Take time to hike this park. It’s Missouri’s premier example of karst topography, a landscape with sinks, caves, underground streams, large springs, and a natural bridge. Stop first at the visitors center for a map of the trails and boardwalks, which make it easy to visit these sites.
If you’re driving around the Lake of the Ozarks area with children in tow, they will likely beg you to stop at a few man-made attractions. Several miniature golf courses with varying designs are here; some include go-cart tracks. Water parks are another option in the summer. Timber Falls is an indoor water park that’s open year-round at Tan-Tar-A Resort. It’s available to the general public, not just resort guests. The central feature is the “Ozark Wilderness” tree house with a huge wooden bucket that tips over and spills out 700 gallons of water every two minutes. The park also has water slides, an activity pool with water basketball, a 21-seat whirlpool, and a lazy river. Tan-Tar-A also has a bowling alley and Bears Den Arcade; horseback riding; a golf course and a miniature golf course; boat rentals; and tours of the lake on a yacht called the Ozark Princess.
Adults can take a break at Tan-Tar-A Resort’s Windjammer Spa and Salon, a small spa offering popular salon services, and the Spa Shiki at the Lodge of Four Seasons. The latter is a full-service spa blending Japanese and American treatments. This 15,000-square-foot facility has 16 treatment rooms and offers 100 services.
Another attraction in the Lake of the Ozarks region is religious in nature. When Pope Paul VI designated Mary as “Mother of the Church” as part of Vatican II, citizens of the small lake community of Laurie began a movement to establish an international shrine to the mother of Jesus and mothers everywhere. In 1992 the National Shrine of Mary, Mother of the Church was dedicated on the grounds of St. Patrick’s Catholic Church. It’s believed to be the only one of its kind in the world.
The shrine features a 14-foot-tall stainless-steel revolving sculpture of Mary standing in a terraced amphitheater surrounded by flowers, fountains, and a waterfall running under her feet. An Avenue of Flags represents 101 nations. During the Christmas season, grounds are decorated with a million lights.
The Mother’s Wall of Life is engraved with the names of mothers from throughout the world on black granite surrounding the sculpture of Mary. Names are added all the time. The most famous name there is that of Pope John Paul’s mother. People of all faiths enjoy services at the church year-round. The grounds are always open to visitors.

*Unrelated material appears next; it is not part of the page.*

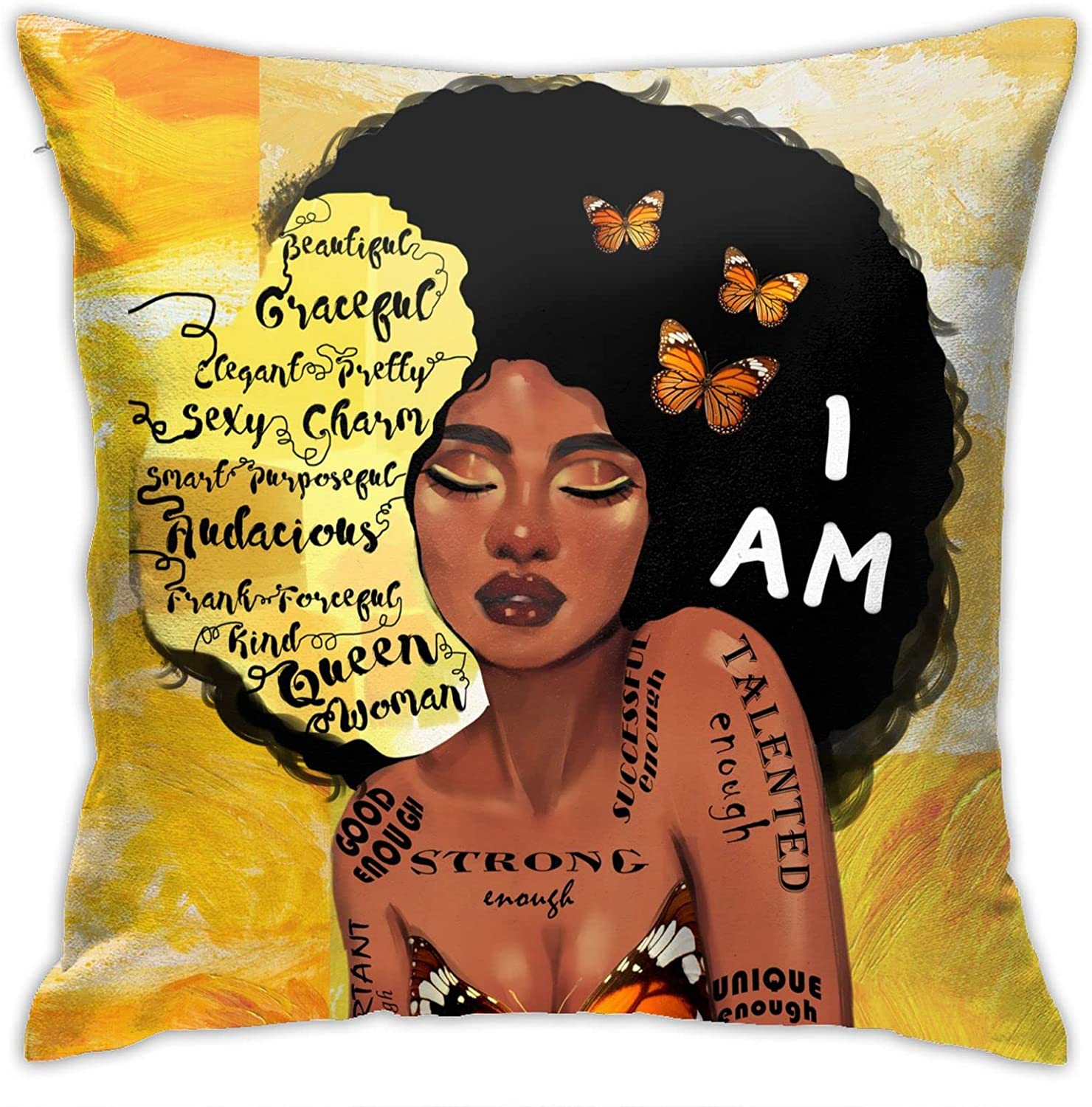 African American Women Throw Pillow Cover Graffiti Afro Black Woman Butterfly Cushion Covers Zipper Square Pillowcase Decor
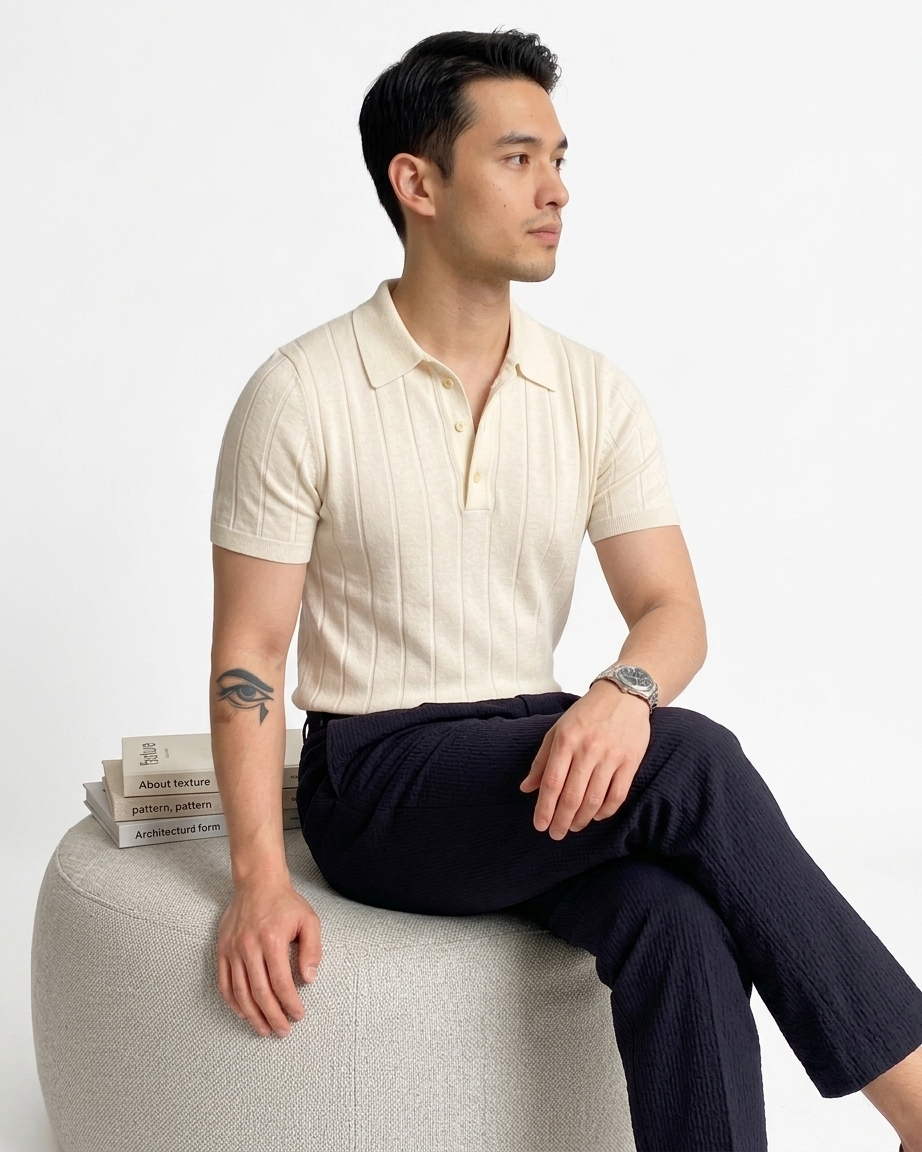 Men's Slim Fit Ribbed Cotton Polo Shirt Casual Outfit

If you’re a fan of golf, Lake of the Ozarks is for you. The region boasts 17 golf courses, 15 of which are public. They were designed by such pros as Tom Weiskopf, Bruce Devlin, and Robert Trent Jones Sr. Most are 18 holes; two are nine holes. The Arnold-Palmer-designed Osage National Golf Club has 27 holes with a choice of three 18-hole combinations.
The primary golf season in the area runs from March through November. The courses offer variations in length, degree of difficulty, elevation changes, water hazards, and layouts. For more information, visit www.golfingmissouri.com.
If shopping is more your thing, you’ll want to visit Osage Beach Premium Outlets’ 13 buildings, which contain 110 stores leased by top-name manufacturers. It’s the largest outlet center in Missouri, and one of the biggest in the United States. You’ll find shoes, home furnishings, clothing, gifts, and specialty items.
Another place to shop is Bagnell Dam Boulevard, known as the “Strip.” Located just west of the dam, it’s a family favorite with T-shirt shops, restaurants, flea markets, arcades, antiques stores, fudge shops, and souvenirs.
And, of course, let’s not forget food and nightlife. With more than 100 restaurants in the area “” including more than 35 on the waterfront “” you’ll find something you like. Fare ranges from fast food to gourmet. Choices include a full range of ethnic cuisine as well as traditional American. Many have Ozark specialties, such as catfish, trout, and barbecue. Besides the desserts found on restaurant menus, sweets lovers will enjoy ice cream parlors and custard stands.
The Horny Toad Entertainment Complex at Toad Cove is huge, with dining, entertainment, shopping, and the largest outdoor video wall at the lake. The Horny Toad has a complete menu, and the Frisky Frog, on the lower level, is great for drinks and games. Jeremiah’s is one of the hottest nightclubs on the lake. In summer it hosts popular live music. And through October, those seeking evening entertainment will want to head to Main Street Music Hall for shows combining comedy and music in genres including gospel, country, and rock. From the end of November through the first two weeks of December, the Hall holds Christmas shows.
But try visiting the Lake of the Ozarks when the foliage is at its peak, and you can still explore all it has to offer.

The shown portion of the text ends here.